Benim için önemli bir sorgulama olmuştur, düşündüğüm şeyler doğru mu gerçekten yoksa bir yalana mı kaptırıyorum kendimi?


Bilirsiniz mesela müslümanlar ahirete inanırlar ve inandıkları şeylerin asıl gerçek olduğunu söylerler. Budistlere sorsanız bu konuda bambaşka bir cevap alırsınız, kabilede yaşıyan bir insana sorsanız size bu konuda inandıkları bir masalı anlatırlar.


Gerçeğe sığınmayı seçtiğimi görebiliyorum her seferinde. Söylenenlerden hangisi doğru? Kendime söylediğim, kendimce inandığım şeyler gerçekten doğru mu? Yoksa ben kendi sıkıntılarımdan ve dengesizliğimden doğan fikirlere mi kapılıyorum? Deli miyim? Yoksa deliriyor muyum? Eğer gerçeği bilmezsem nasıl mutlu ve sağlıklı olmayı bekleyebilirim?


Hangisinin hakikat, hangisinin deli saçması olduğunu ne belirleyebilir? Kim gerçekten gerçeği biliyor? Yoksa hepsi hakikatin bir ürünü mü?


Kendi bildiğime güvenmeyi seçmem makul geliyor bu noktada. Evet ben böyle hissediyorum ve bu böyledir. Yanıldığımı düşünene kadar böyledir. Hakikati görmeye çalışmak habire yanılıyor muyum acaba diye sormak olmamalı. 


Belki de yanılıyorumdur ama ben bildiğime inanıyorum ki bunun anlamı bildiğime güveniyorum demektir. 


Yalanlarla yaşasam bile, bir masalın parçası olmaktan memnun olurum. Bir hikayeye ait hissedebilirim. Bu hikayenin beni beslemesini beklerim, beni daha bütün hissettirmesini isterim.

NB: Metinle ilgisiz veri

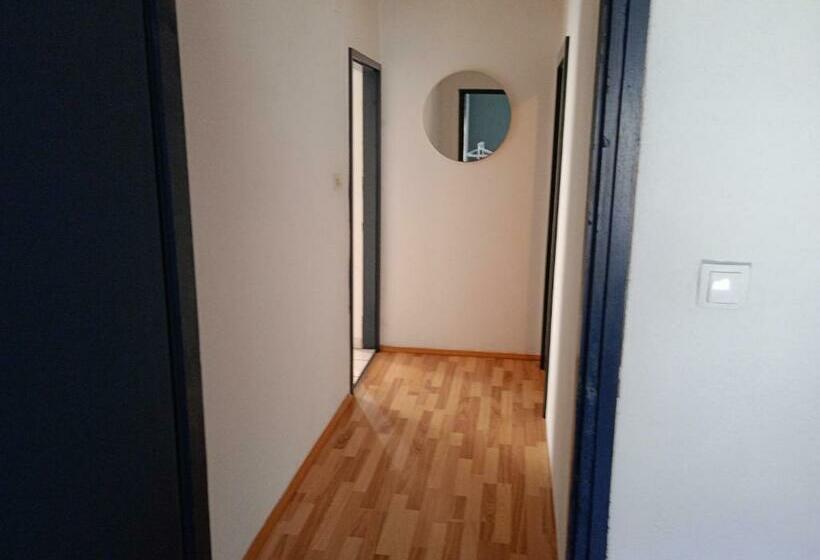 Apartman Nevera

Evet; birilerine göre kesinlikle yanlış, kasinlikle sağlıklı değil veya kendime zarar veriyorum. Kim yapmıyor bunu? Kim bir hikayeye ait hissedip de onun içinde rol almayı seçmiyor ki? 


Yalanlara izin vermek istiyorum. Dünya üzerinde birinin toplumun geneli tarafından saçma bulduğu hakikatlere yöneldiğini görmekten keyif alıyorum. İyi ki dünyanın düz olduğunu düşünenler var, iyiki ki koronanın komplo olduğunu düşünenler var, iyi ki bilimin sunduğu gerçekler bize yetmiyor, iyi ki hala dinlere tutunuyoruz. 


Bana iyi hissettiren masallarla yaşamayı seçiyorum. Masalların gerçek olması için yanıp tutuşuyorum. Sert, acımasız, tatsız gerçekleri istemiyorum. Herkesin istediği gerçeği seçmeye hakkı var. Buyrun, istediğinizi seçin.